[Items listed in a dataset]
■ ■ ■
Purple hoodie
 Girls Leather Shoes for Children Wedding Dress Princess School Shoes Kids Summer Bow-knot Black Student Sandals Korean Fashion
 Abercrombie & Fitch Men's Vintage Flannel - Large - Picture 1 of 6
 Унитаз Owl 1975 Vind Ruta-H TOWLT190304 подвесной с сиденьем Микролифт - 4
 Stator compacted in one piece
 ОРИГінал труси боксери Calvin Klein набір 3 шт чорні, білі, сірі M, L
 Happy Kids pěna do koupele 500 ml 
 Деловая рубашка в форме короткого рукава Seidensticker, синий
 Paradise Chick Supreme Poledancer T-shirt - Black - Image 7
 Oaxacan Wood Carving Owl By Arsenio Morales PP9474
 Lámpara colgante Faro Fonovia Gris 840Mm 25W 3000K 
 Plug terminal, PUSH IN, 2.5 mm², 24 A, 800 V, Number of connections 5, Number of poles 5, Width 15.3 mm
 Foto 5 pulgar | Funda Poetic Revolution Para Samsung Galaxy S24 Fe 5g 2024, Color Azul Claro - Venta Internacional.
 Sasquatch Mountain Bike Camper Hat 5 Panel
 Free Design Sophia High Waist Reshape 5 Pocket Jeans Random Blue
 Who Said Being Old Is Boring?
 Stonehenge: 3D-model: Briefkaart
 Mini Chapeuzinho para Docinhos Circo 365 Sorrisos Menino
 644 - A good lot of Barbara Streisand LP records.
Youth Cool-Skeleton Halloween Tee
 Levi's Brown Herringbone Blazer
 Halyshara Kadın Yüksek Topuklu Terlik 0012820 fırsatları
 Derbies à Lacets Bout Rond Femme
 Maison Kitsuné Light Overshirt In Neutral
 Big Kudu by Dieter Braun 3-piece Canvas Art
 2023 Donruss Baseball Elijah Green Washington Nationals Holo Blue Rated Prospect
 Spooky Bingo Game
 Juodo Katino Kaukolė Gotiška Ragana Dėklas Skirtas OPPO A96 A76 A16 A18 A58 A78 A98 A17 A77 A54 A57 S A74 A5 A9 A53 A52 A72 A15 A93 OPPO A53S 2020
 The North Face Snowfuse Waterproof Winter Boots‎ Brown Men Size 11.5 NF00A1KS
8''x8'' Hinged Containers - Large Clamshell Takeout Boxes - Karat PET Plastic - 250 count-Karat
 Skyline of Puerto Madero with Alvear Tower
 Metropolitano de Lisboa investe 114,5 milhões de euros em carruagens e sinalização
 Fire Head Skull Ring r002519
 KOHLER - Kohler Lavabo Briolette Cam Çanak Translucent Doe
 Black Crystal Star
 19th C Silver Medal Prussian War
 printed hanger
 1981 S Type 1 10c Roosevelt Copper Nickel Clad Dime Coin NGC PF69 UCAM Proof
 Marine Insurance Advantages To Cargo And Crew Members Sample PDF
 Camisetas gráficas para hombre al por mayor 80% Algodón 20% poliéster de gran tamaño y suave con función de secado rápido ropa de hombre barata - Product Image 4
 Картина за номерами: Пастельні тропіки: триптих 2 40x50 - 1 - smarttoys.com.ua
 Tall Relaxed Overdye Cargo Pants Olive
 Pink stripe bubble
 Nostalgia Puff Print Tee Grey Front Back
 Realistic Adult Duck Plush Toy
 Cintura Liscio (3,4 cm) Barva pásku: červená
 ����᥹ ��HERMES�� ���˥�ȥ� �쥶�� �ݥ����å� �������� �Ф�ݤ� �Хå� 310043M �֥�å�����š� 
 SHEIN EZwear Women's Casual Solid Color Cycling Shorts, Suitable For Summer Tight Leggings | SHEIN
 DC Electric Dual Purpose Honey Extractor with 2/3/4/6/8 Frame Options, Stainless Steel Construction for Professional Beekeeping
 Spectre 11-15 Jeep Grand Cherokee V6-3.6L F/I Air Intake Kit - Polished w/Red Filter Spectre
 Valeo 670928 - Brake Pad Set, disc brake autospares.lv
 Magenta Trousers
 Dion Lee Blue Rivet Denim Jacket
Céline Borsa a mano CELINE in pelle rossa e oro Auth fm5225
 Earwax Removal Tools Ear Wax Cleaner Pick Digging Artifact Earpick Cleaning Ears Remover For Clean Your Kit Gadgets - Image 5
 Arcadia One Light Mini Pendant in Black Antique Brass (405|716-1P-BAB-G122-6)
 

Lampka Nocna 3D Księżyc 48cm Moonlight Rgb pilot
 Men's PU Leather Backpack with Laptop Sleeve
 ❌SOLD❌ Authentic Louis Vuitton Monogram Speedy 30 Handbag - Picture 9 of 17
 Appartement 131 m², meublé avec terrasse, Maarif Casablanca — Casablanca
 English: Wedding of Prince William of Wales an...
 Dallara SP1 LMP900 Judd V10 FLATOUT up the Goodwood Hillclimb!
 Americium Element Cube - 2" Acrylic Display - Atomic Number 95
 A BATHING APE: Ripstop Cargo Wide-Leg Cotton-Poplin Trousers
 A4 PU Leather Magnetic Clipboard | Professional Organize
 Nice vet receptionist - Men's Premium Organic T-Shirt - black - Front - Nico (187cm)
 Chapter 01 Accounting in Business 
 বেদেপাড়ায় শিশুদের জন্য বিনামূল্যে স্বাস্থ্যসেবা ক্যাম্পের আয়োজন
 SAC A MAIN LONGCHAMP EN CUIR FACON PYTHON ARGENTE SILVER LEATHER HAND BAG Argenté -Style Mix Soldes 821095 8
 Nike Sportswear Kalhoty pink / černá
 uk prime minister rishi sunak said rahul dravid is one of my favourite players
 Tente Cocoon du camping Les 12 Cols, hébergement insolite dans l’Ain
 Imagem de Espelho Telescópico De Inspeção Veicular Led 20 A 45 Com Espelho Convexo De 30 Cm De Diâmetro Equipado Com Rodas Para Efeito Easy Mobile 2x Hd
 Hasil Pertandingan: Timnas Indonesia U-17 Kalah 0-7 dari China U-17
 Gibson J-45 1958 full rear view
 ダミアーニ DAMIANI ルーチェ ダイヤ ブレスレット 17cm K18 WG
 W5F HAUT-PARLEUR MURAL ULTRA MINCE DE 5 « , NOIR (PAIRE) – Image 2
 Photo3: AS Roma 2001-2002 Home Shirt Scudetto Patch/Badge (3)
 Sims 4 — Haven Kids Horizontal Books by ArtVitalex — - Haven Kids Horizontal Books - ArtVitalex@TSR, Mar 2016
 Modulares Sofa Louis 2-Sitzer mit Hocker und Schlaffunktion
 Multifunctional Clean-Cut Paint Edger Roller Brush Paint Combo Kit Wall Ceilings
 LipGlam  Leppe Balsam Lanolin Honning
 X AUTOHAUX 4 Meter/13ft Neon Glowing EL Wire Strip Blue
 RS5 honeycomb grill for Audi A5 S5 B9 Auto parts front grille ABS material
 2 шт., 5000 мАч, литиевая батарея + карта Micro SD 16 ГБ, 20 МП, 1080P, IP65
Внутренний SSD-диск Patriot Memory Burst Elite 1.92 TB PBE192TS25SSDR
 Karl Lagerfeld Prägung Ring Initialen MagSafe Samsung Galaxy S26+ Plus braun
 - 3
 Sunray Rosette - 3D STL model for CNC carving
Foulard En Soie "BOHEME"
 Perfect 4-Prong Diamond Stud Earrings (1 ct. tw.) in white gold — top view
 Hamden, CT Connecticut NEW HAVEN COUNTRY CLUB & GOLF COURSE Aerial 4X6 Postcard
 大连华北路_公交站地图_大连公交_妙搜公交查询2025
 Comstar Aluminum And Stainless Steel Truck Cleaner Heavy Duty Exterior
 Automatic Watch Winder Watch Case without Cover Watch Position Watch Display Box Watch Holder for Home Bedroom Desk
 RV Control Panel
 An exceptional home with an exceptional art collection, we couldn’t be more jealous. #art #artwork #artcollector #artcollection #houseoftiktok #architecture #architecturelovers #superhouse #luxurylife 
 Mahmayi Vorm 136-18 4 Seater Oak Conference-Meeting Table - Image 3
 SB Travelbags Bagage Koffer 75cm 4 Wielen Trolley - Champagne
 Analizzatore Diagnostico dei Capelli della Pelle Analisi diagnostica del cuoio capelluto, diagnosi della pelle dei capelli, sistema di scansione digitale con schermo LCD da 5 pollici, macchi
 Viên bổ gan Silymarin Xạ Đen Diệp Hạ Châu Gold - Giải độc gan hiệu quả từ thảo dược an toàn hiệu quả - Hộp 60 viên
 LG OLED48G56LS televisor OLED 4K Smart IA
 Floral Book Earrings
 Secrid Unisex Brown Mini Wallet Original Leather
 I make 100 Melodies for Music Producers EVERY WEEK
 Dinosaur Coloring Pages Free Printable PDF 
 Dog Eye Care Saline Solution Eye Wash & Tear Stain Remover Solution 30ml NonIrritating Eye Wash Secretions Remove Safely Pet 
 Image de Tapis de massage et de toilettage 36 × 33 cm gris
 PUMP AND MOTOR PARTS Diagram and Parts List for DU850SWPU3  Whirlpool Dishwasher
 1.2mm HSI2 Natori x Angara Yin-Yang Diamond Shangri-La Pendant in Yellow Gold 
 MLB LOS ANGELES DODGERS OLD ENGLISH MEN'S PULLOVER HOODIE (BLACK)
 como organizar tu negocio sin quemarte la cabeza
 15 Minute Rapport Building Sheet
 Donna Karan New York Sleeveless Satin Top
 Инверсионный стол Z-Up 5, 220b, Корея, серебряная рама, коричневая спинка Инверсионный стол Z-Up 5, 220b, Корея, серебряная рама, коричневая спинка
■ ■ ■
• _Activity_
What you give back should be only the lines of the records above, starting at the line with "Metropolitano de Lisboa" and ending at the line with "Nostalgia Puff Print Tee Grey Front Back", restated word for word.

• _Answer to the problem_
 Metropolitano de Lisboa investe 114,5 milhões de euros em carruagens e sinalização
 Fire Head Skull Ring r002519
 KOHLER - Kohler Lavabo Briolette Cam Çanak Translucent Doe
 Black Crystal Star
 19th C Silver Medal Prussian War
 printed hanger
 1981 S Type 1 10c Roosevelt Copper Nickel Clad Dime Coin NGC PF69 UCAM Proof
 Marine Insurance Advantages To Cargo And Crew Members Sample PDF
 Camisetas gráficas para hombre al por mayor 80% Algodón 20% poliéster de gran tamaño y suave con función de secado rápido ropa de hombre barata - Product Image 4
 Картина за номерами: Пастельні тропіки: триптих 2 40x50 - 1 - smarttoys.com.ua
 Tall Relaxed Overdye Cargo Pants Olive
 Pink stripe bubble
 Nostalgia Puff Print Tee Grey Front Back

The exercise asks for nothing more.